PCIe on UltraScale+ FPGA: Hello World

fpga
pcie
xilinx
vfio
rust
Building a basic PCIe-to-AXI bridge on a Xilinx UltraScale+ FPGA, accessing BAR0 through VFIO, and benchmarking MMIO performance.
Author

Matej Genci

Published

July 28, 2025

Modified

July 28, 2025

A while ago I procured this Xilinx KU5P board from Aliexpress

Aliexpress Kintex UltraScale+ board

It’s pretty barren, with a few LEDs, 2x QSFP+ ports, PCIe 3 x8 interface, and a mandatory SPI chip. Having an on-board DDR would be nice, but considering it costs only £150 I’m not going to be too picky.

Hardware

I watched FPGAZealot’s YouTube video where he’s using the XDMA IP (PG195) to interface with his FPGA. It looked like XDMA is ais a very simple and performant way to talk to the FPGA from a host over PCIe. However, I don’t like that to use XDMA I need to compile and load a custom driver. For my first PCIe project I wanted to keep things as simple as possible. Both on the FPGA side and software.

I discovered that the XDMA IP can work in AXI Bridge Mode (PG194) as well!

XDMA IP Configured in AXI Bridge Mode

With this configuration the IP will translate reads and writes to BAR0 of the PCIe device as AXI4 reads and writes.

XDMA IP BAR0 to AXI offset translateion

This should make writing software really simple, or so I thought.

Architecture

The block diagram contains two BRAM memories accessible via the AXI network, an LED to indicate whether the link is up, and an LED to indicate whether we have clock on the AXI bus.

Block Diagram

AXI memory map

  • 0x0000 .. 0x3FFF (16k) - blk_mem_gen_0 (only 4k backed by BRAM)
  • 0x4000 .. 0x7FFF (16k) - blk_mem_gen_1 (only 4k backed by BRAM)

The two BRAMs are wired slightly differently. If I configure the Block Memory Generator as a BRAM Controller, which is designed to work with AXI BRAM Controller, I cannot initialize the block ram from a coefficient file. So I want to try to wire the AXI BRAM Controller directly to a BRAM, and see if that will work1.

Connecting the FPGA to a computer

Now that the hardware is done, I need to connect it to a computer. The standard way is to plug it into a spare PCIe slot on a desktop computer, or lately to a SBC like a Raspberry Pi 5 that has a PCIe slot.

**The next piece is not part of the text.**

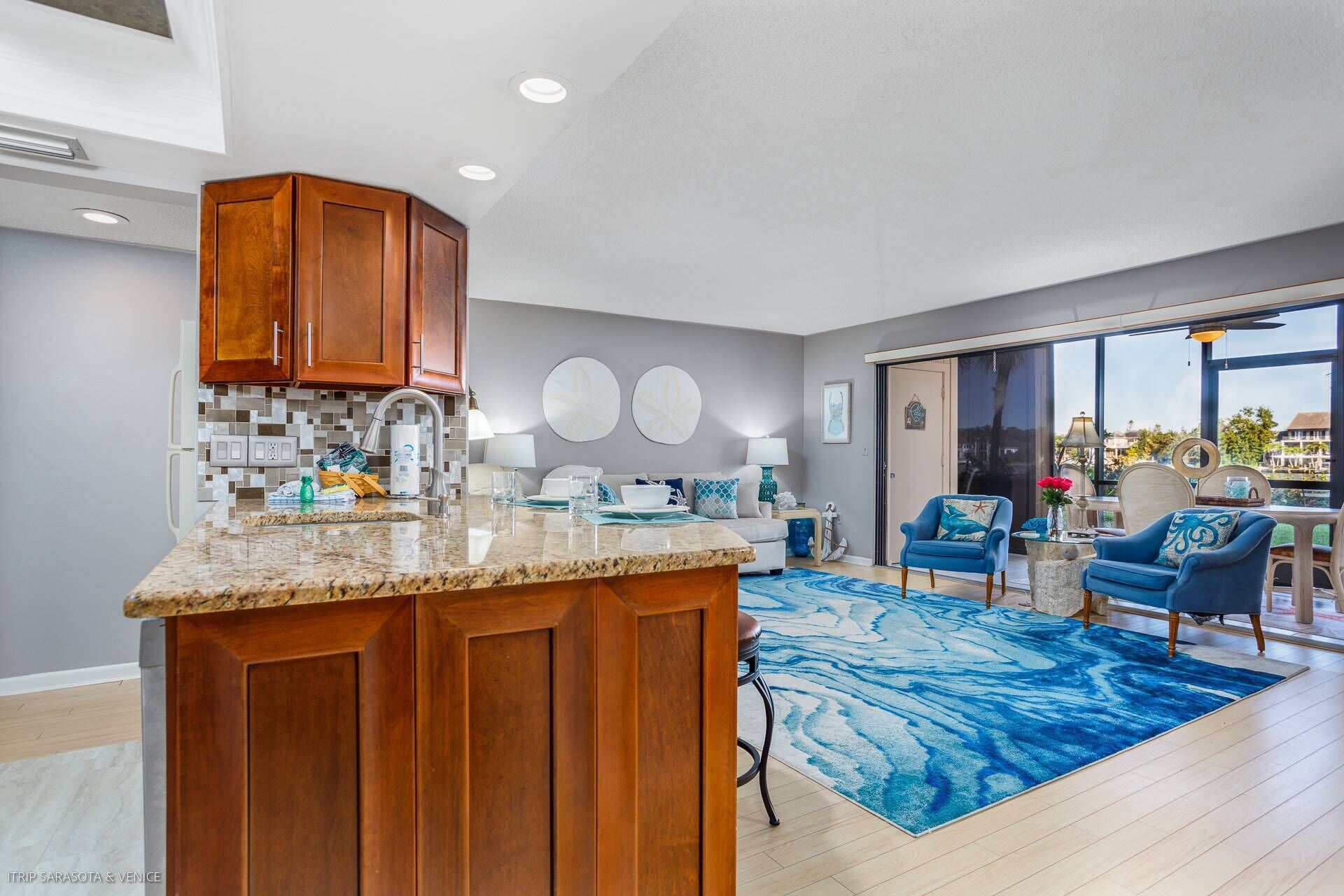 Waterfront Living | 30' Boat/jet Ski Dock Slip | Beach Access | Pool | Tennis | In-unit Laundry - Siesta Key, FL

Unfortunately, I do not have such an SBC or a spare computer that I’d be willing to let running the whole time.

Another downside of this approach is that every time I change the size of the PCIe BARs (which I didn’t know how often I would do) I would need to restart the computer. Which might reset the FPGA. Without the correct bitstream loaded, the FPGA will not show up as a PCIe device. That means I would need to program the on-board flash. If possible I’d like to avoid both of these steps.

Thunderbolt to the rescue

My laptop is running linux, and it has two USB 4 ports that support Thunderbolt. And Thunderbolt can provide external access to the PCIe bus. Using a cheap Thunderbolt 4 NVMe enclosure and an NVMe to PCIe adapter I was able to connect the FPGA to my laptop.

One benefit of this approach is that if I do make changes to the BARs, I don’t need to reboot my computert. I can just unplug and plug in the external NVMe enclosure.

After plugging in the USB-C cable, I see the clock LED flashing, link up LED is lit, and my device has showed up!

$ lspci
20:00.0 PCI bridge: ASMedia Technology Inc. Device 2463
21:00.0 PCI bridge: ASMedia Technology Inc. Device 2463
22:00.0 Serial controller: Xilinx Corporation Device 9031

$ sudo lspci -s 22:00.0 -vnn
22:00.0 Serial controller [0700]: Xilinx Corporation Device [10ee:9031] (prog-if 01 [16450])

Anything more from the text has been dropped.